The disclosed compositions may also directly or indirectly affect the various downhole equipment and tools that may come into contact with the compositions such as, but not limited to, the drill string 108, any floats, drill collars, mud motors, downhole motors and/or pumps associated with the drill string 108, and any MWD/LWD tools and related telemetry equipment, sensors or distributed sensors associated with the drill string 108. The disclosed compositions may also directly or indirectly affect any downhole heat exchangers, valves and corresponding actuation devices, tool seals, packers and other wellbore isolation devices or components, and the like associated with the wellbore 116. The disclosed compositions may also directly or indirectly affect the drill bit 114, which may include, but is not limited to, roller cone bits, PDC bits, natural diamond bits, any hole openers, reamers, coring bits, etc.
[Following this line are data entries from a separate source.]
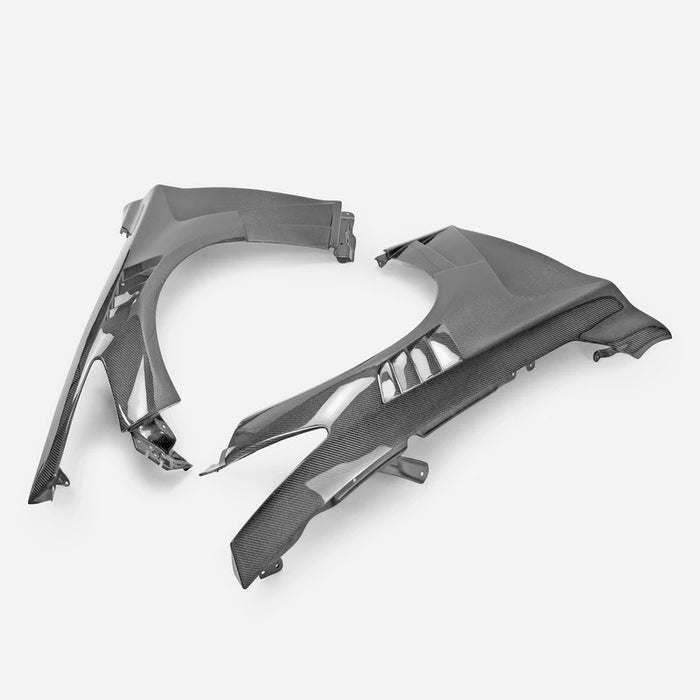 Q50 double vented carbon fenders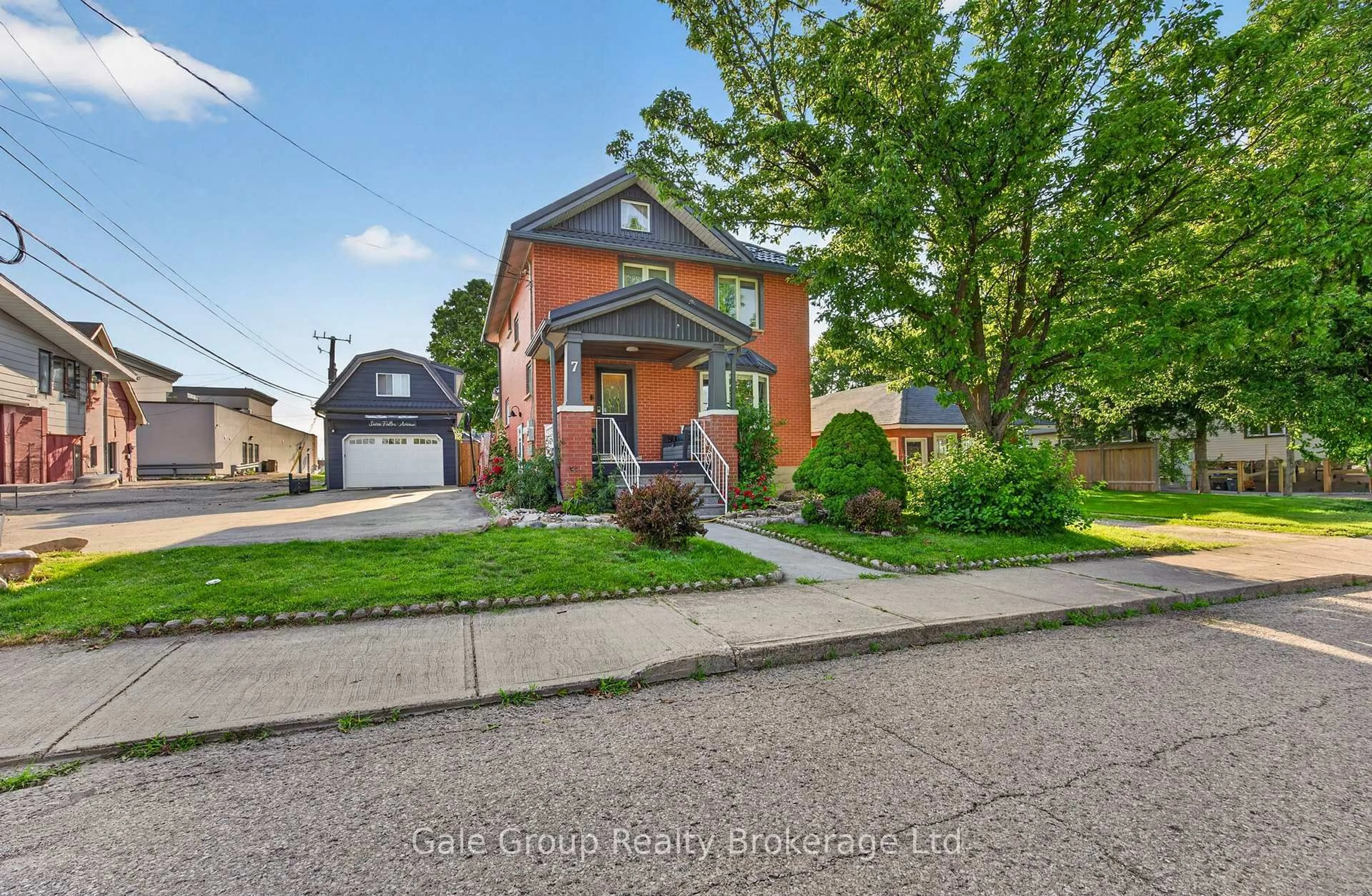 Home with brick exterior material, street for 7 Fidler Ave, Woodstock Ontario N4S 7J1
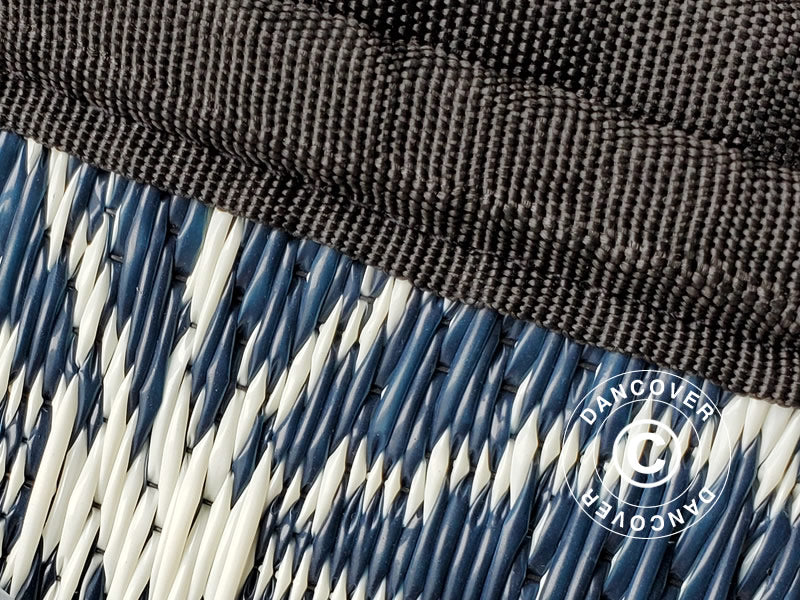 Tæpper til 5m TentZing® glampingtelt, 2 stk., Blå/Hvid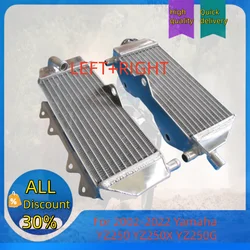 Coolant L+R Aluminum Radiator For 2002-2022 FIT Yamaha YZ250 YZ250X YZ250G YZ 250 X G 2002 2003 2004 2005 2006 2007 2008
While not specifically illustrated herein, the disclosed compositions may also directly or indirectly affect any transport or delivery equipment used to convey the compositions to the drilling assembly 100 such as, for example, any transport vessels, conduits, pipelines, trucks, tubulars, and/or pipes used to fluidically move the compositions from one location to another, any pumps, compressors, or motors used to drive the compositions into motion, any valves or related joints used to regulate the pressure or flow rate of the compositions, and any sensors (i.e., pressure and temperature), gauges, and/or combinations thereof, and the like.
As the afore-described wellbore is drilled from the surface down into the earth through many layers of rock, sand, shale, clay and other formations, many of these formations are relatively impermeable. In other words, these low permeability formations generally do not accommodate substantial amounts of liquids or permit gas or liquids to pass through. However, there are formations that are permeable and some of these permeable formations have fluids that are under pressure. The fluids primarily include both salt and fresh water but may include oil, natural gas and mixtures of these and other fluids. Fluids that are under pressure in formations in the ground present a concern to the drilling operators in that a lot of force may be released through the penetration of such formations by the drilling equipment. In the event of an uncontrolled release, such high pressure fluids into the wellbore may cause a destructive blowout.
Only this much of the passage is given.